As a strong advocate of Neuroscience research, Dr. Heidenreich has previously served as chair of the membership committee of the UC Denver Neuroscience Program and as President of the Rocky Mountain Neuroscience Research Group, a Colorado chapter of the Society of Neuroscience. She has mentored many pre- and post-doctoral scientists, as well as junior physician scientists, in her laboratory.
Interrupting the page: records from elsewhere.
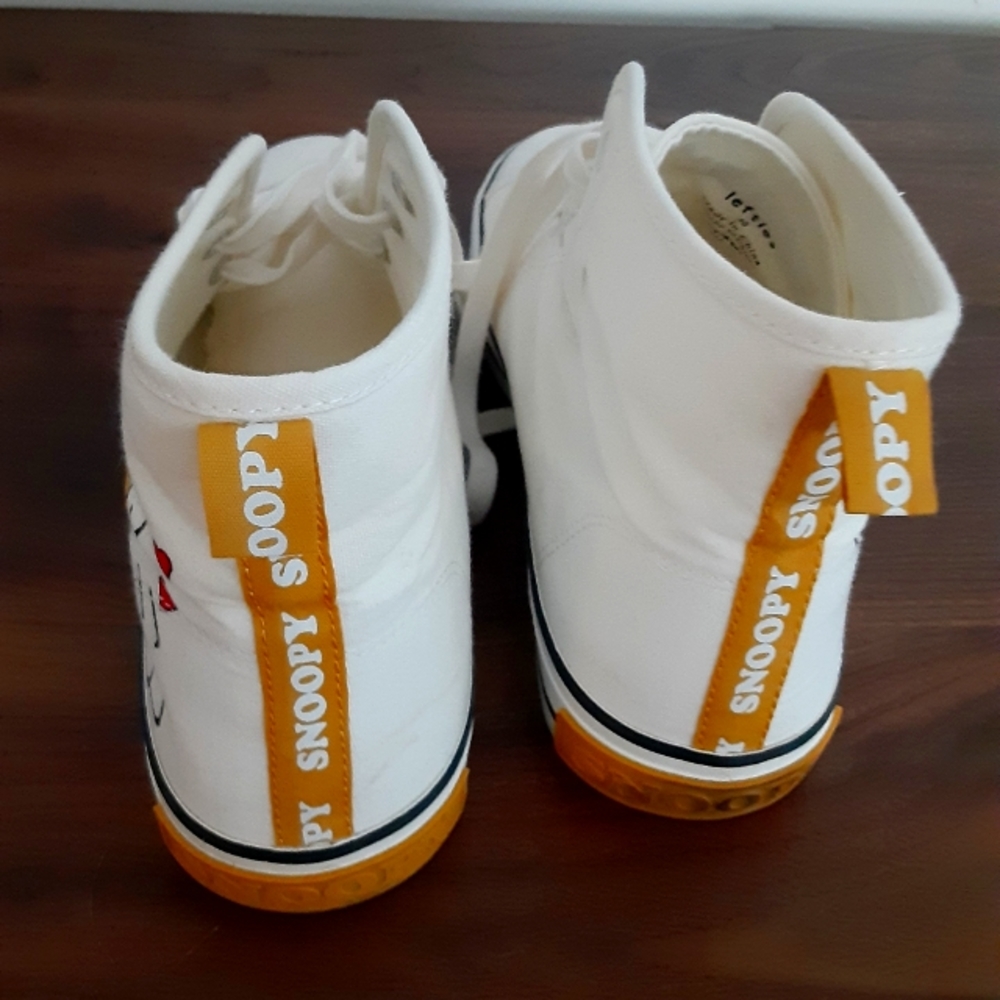 White canvas Snoopy high tops with gold trim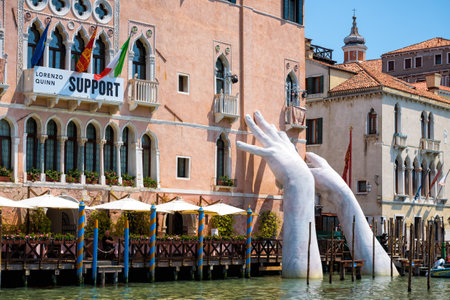 Venice, Italy - May 18, 2017: Giant hands rise from the water of the Grand Canal to support the building. This powerful report on climate change from the artist Lorenzo Quinn.のeditorial素材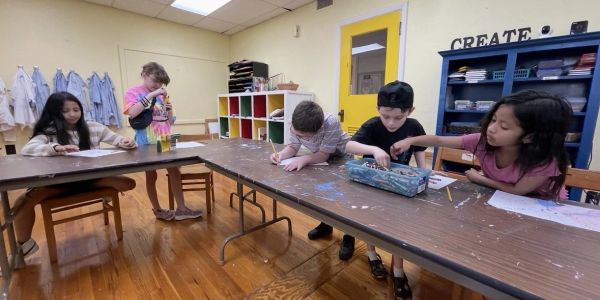Children engaged in art activities in a classroom with colorful supplies.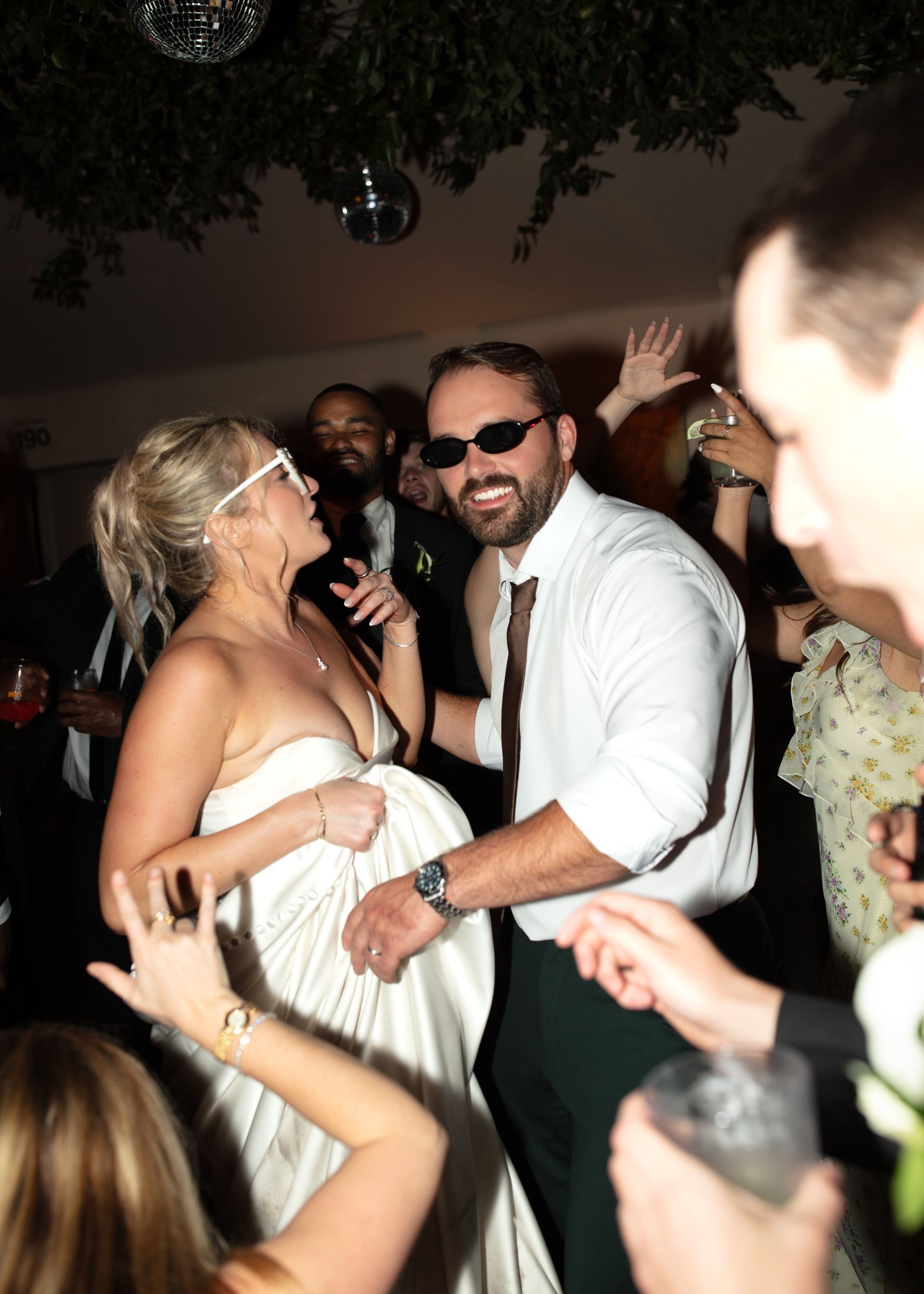 Smiling couple dancing at a crowded party, with raised hands around them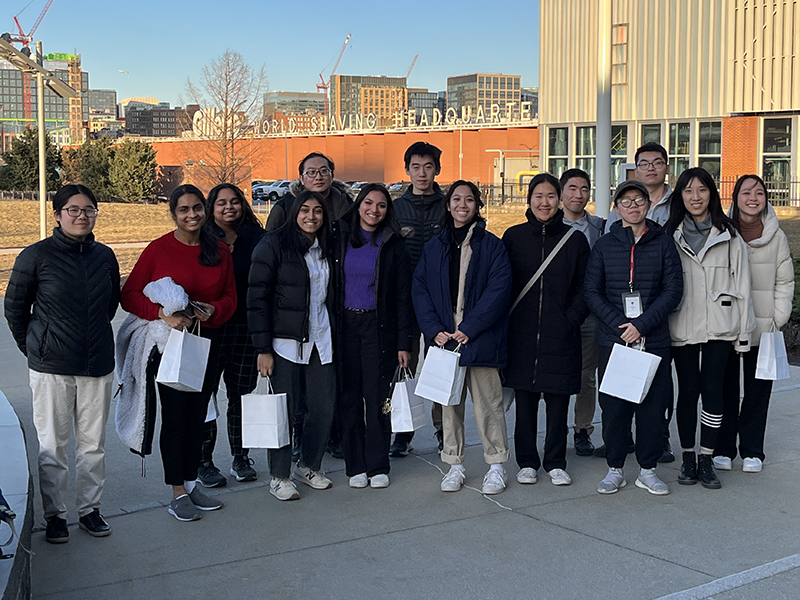 A group of students holding white bags outside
She also has served as mentor for the NIH Building Research Achievement in Neuroscience (BRAiN) Training Program and was the recipient of the 2006 Dean's Mentoring Award at her institution. Dr. Heidenreich has served on numerous study sections reviewing grants for the NIH, DOD, VA and small research granting agencies. Recently, she has been invited to speak at numerous national and international TBI conferences including the Annual Traumatic Brain Injury Conference in Washington, D.C. and the C4CT Concussion Awareness Summits, the last one held Pre-superbowl 2014 at the United Nations. She has been a recipient of research support from the State of Colorado Brain Injury Program for the past five years. Dr. Heidenreich received her undergraduate degree in Biology from Westminster College in 1974 and her Ph.D. in Physiology/Biophysics from the University of Vermont in 1979.